Por supuesto, tal nominación es la declaración de guerra de Morena contra el gobernador Barbosa. No hay antecedente de que se le diera la principal candidatura a un enemigo del gobernador, vetado expresamente.

 

Es la primera vez que ocurre algo así. En los tiempos de la Presidencia Imperial del PRI, a veces se respetaba el derecho de voto del gobernador, pero siempre el derecho de veto. Ahora ni eso.

 

El antecedente más remoto es cuando Roberto Madrazo le dio en 2004 la candidatura al gobierno estatal a Mario Marín y la alcaldía a Enrique Doger. Pero Marín no era gobernador, sino candidato.

 

Ya en la campaña ambos se dieron agarrones y Doger hasta renunció a la candidatura cuando Marín afirmo en entrevista con Arturo Luna que no quería que fuera el candidato, que él prefería a Montero o a Valentín.

 

Mario Delgado no pudo o no quiso detener a Luján, pero se hizo a un lado al no convalidarla.

 

Con toda precisión puede decirse hoy que una cosa es Morena y otra Barbosa.

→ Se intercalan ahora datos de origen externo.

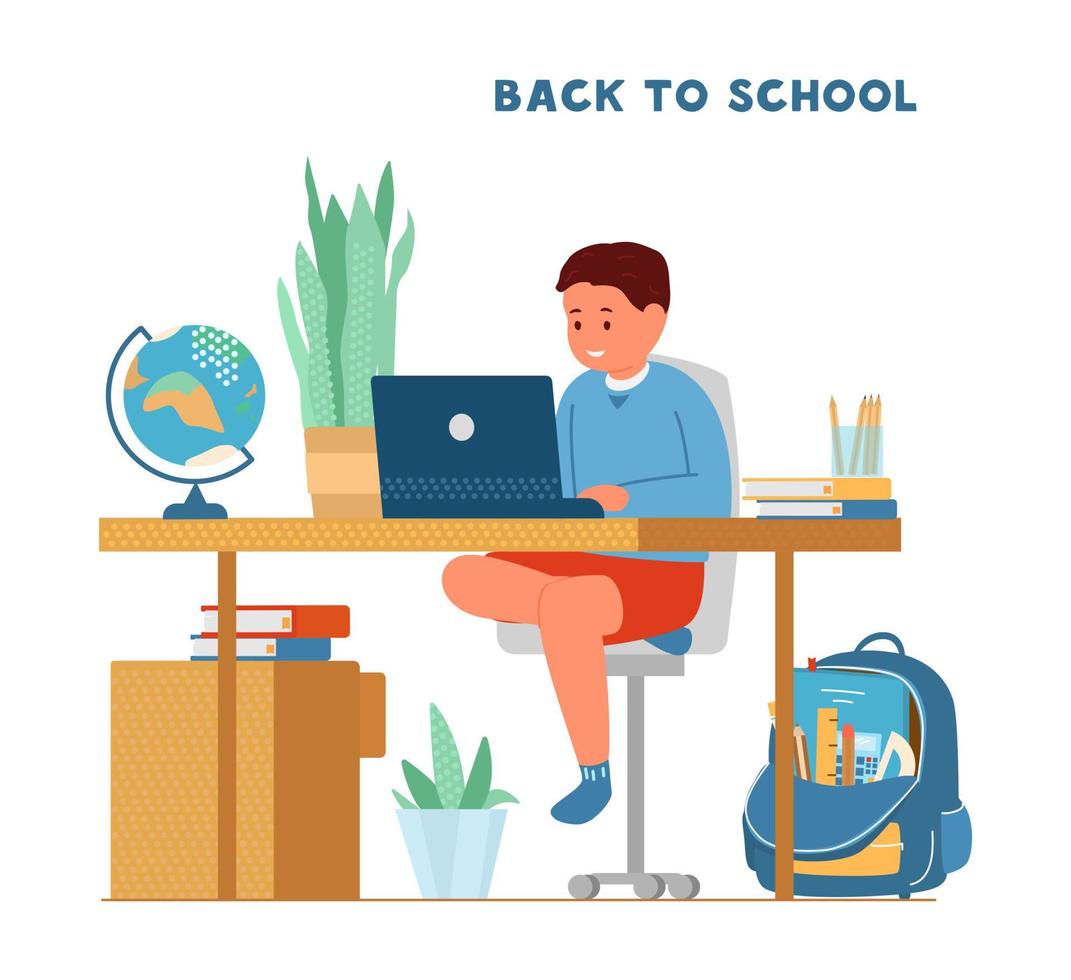 regreso a la escuela durante el concepto de pandemia. niño sonriente sentado en el escritorio frente a la computadora portátil estudiando. mochila escolar con útiles escolares, globo. ilustración vectorial plana. vector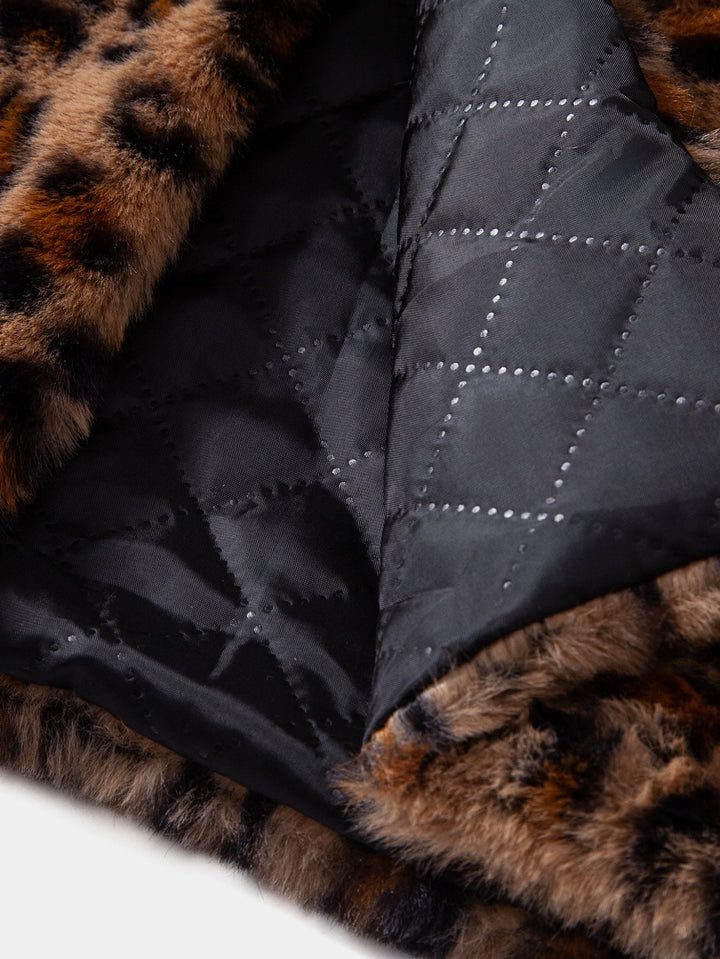 Faux Fur Leopard Hooded Overcoat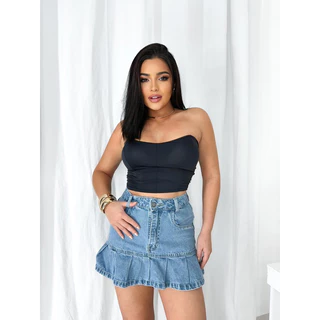 Saia Jeans Feminina Curta Desfiada Cintura Alta saia babado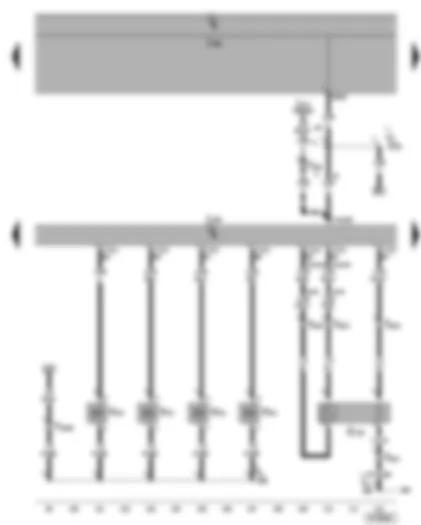 Wiring Diagram  SEAT ALHAMBRA 2009 - Motronic control unit - throttle valve module - throttle valve drive angle sender for electric throttle - throttle valve drive for electric throttle - lambda probe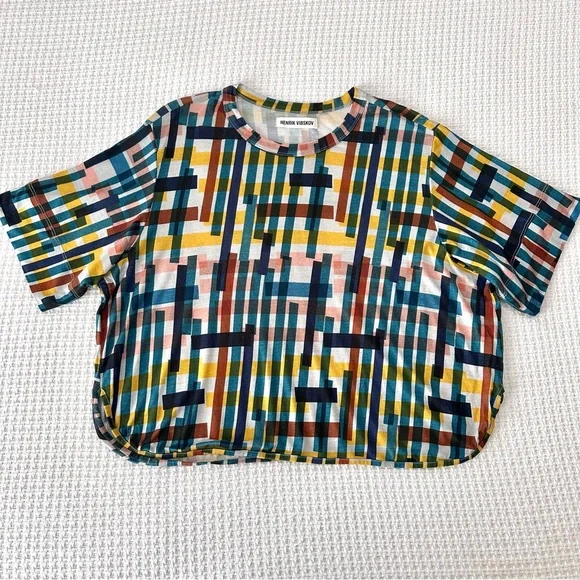 Henrik Vibskov Stone Grabber Tee Womens M/L Multicolor Geometric 100% Tencel - Picture 4 of 9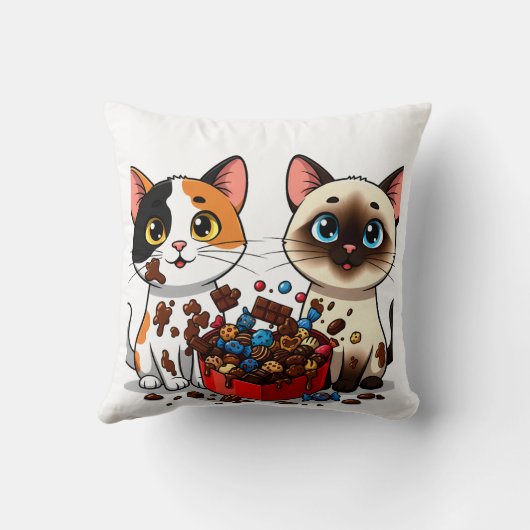 Coussin Chocolate Mess Cats (Verso)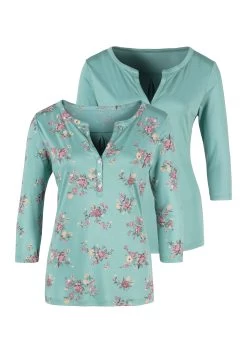Beachtime Gedessineerde Jurk Met Modieuze Volants -Dames Winkel lascana shirt met 3 4 mouwen in modieuze blouse look set van 2 groen 2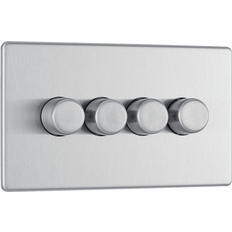 BG British General Nexus Screwless Flatplate 400 W 4 Gang 2-Way Push Dimmer Brushed Steel FBS84P-01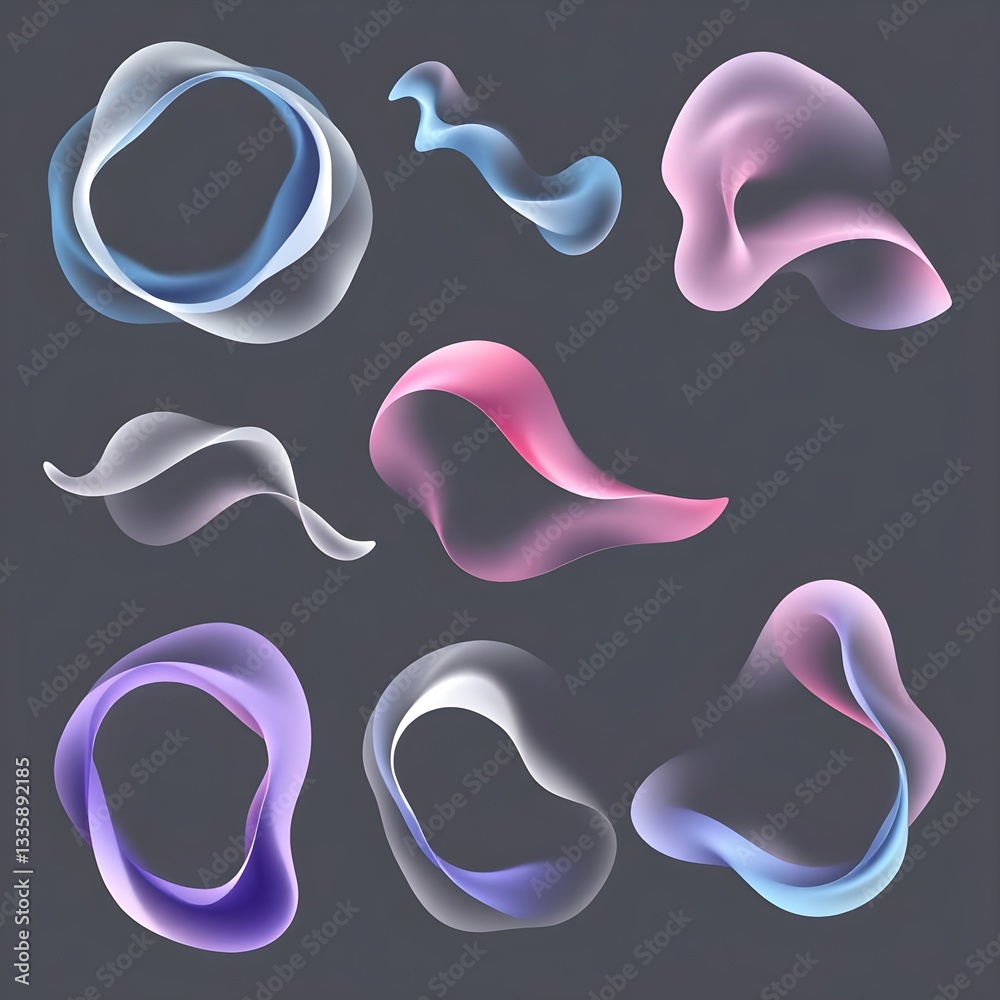 Elegant Abstract Transparent Graphic Elements for Modern Design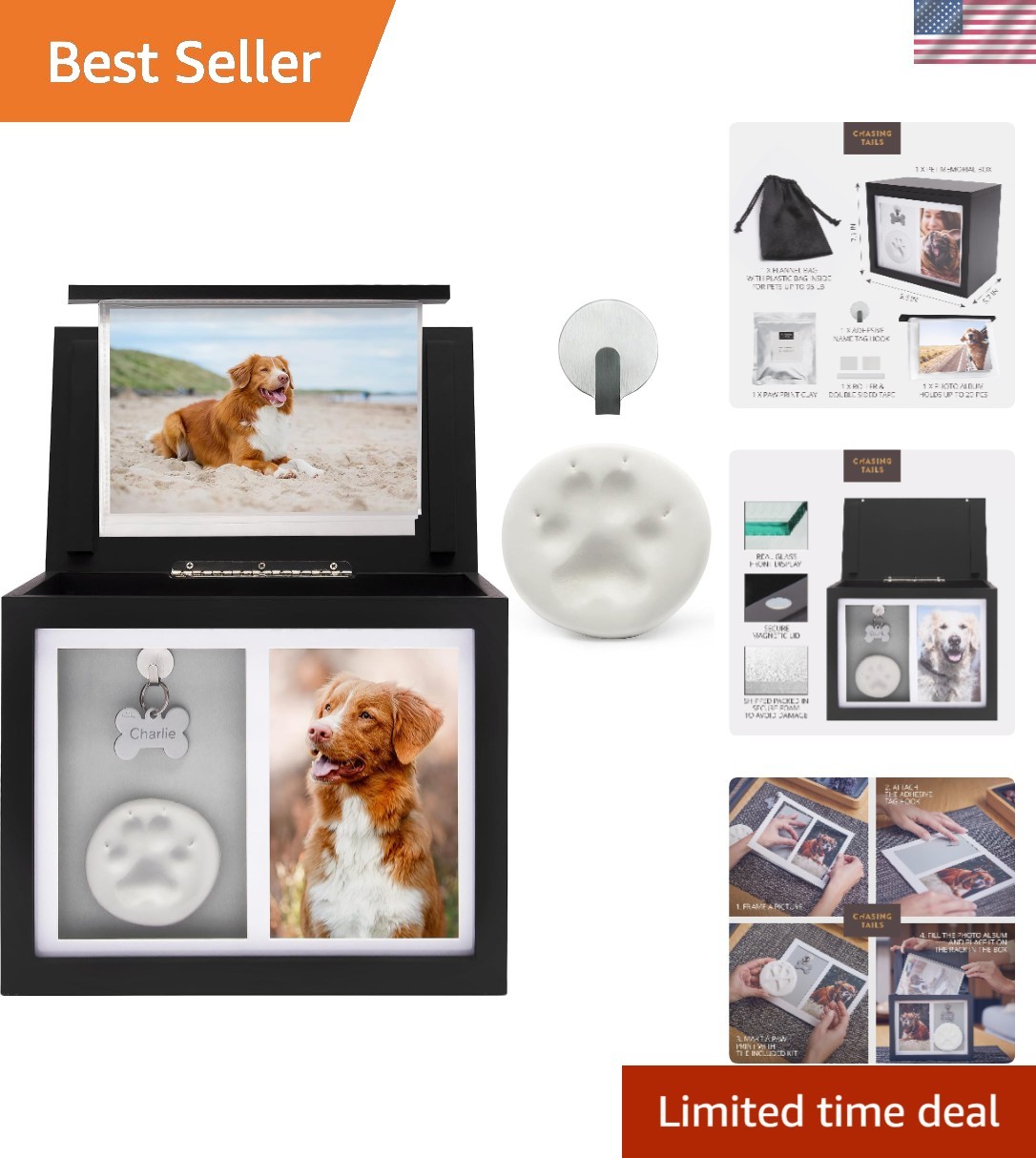 Pet Urns for Dogs – Dog Urns for Ashes, Suitable for All Pets – Includes Paw …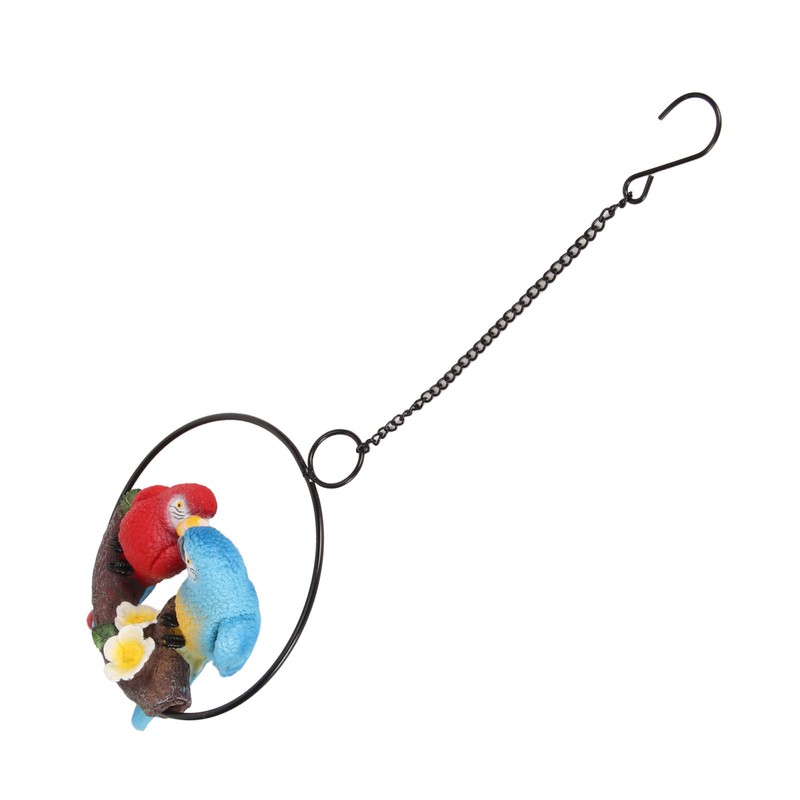 Metal Ring Double Parrot Statue Decorative Resin Perching On Branch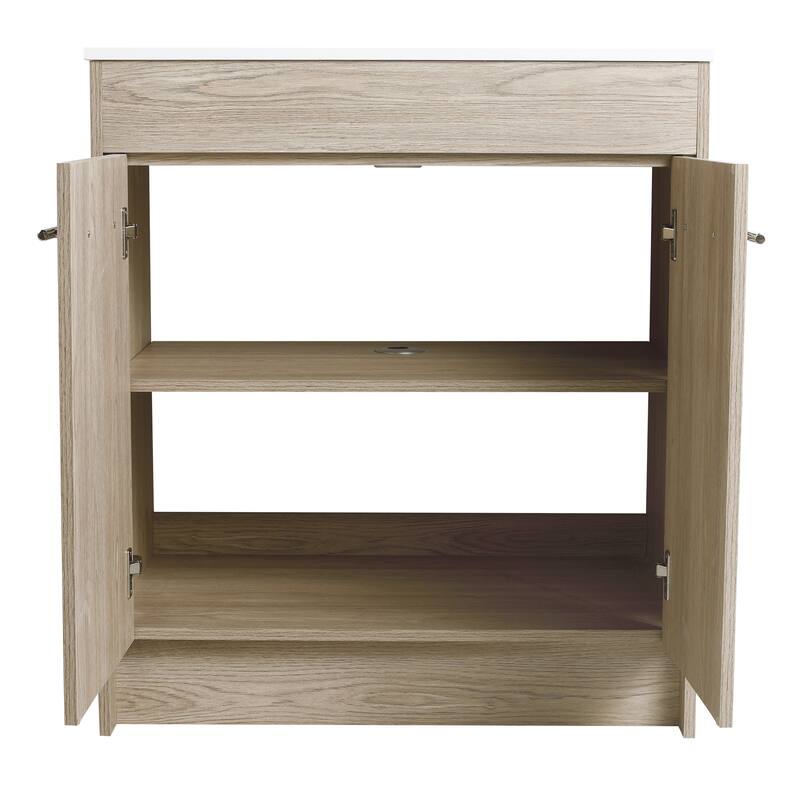 Bathroom Vanity With Sink In 30 Inch, Freestanding Bathroom Vanity With Soft Close Door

Ya veremos a dónde conduce a cada quien este divorcio político.

 

En el mundo objetivo, de acuerdo con la encuesta de GCE, Claudia arranca 15 puntos por debajo de Eduardo Rivera Pérez. El voto switcher de Morena se apagará y sólo saldrá a las urnas el voto duro.

 

El panista va a arrancar con una ventaja entre 60 y 80 mil votos sin empezar la campaña. Campaña que sólo durará un mes.

 

Campaña que ya no será de promesas, sino con base en la memoria de cómo gobernó cada uno.

 

Claudia tiene la esperanza de remontar. Se ve muy difícil, pero no imposible. En 2007 Toño Sánchez Díaz de Rivera perdió una ventaja de 20 puntos y en 2010 Montero una ventaja de 10.

 

Malas campañas y soberbia pueden hundir a Lalo y hacer reflotar a Claudia.

 

El resultado no está escrito y se va a equivocar quien vea a Claudia derrotada desde hoy.

 

Lo que hay es revancha, rematch.

 

Un capítulo de aparte será la resistencia jurídica de Gabriel Biestro para tumbar el proceso de designación. Esa batalla puede ser agónica, al límite, pues Morena cometió toneladas de irregularidades. Un buen abogado la va a ganar.

 

Otro es la posibilidad de perder el registro de la candidatura por los actos anticipados de campaña, pues el IEE ya determinó medidas cautelares que deberá ser confirmadas por el Tribunal Estatal Electoral.

 

En resumen, Claudia ganó la candidatura, pero no la reelección.

 

Se impuso a Barbosa, pero ya se verán las consecuencias. De que las habrá, las habrá.

 

Biestro pierde con la legitimidad de ser el mejor en las encuestas. Esa legitimidad lo ayuda de cara al futuro, pero de momento se va a la banca.

 

Lo demás se irá escribiendo.

 

Después del round 1, siempre viene el 2.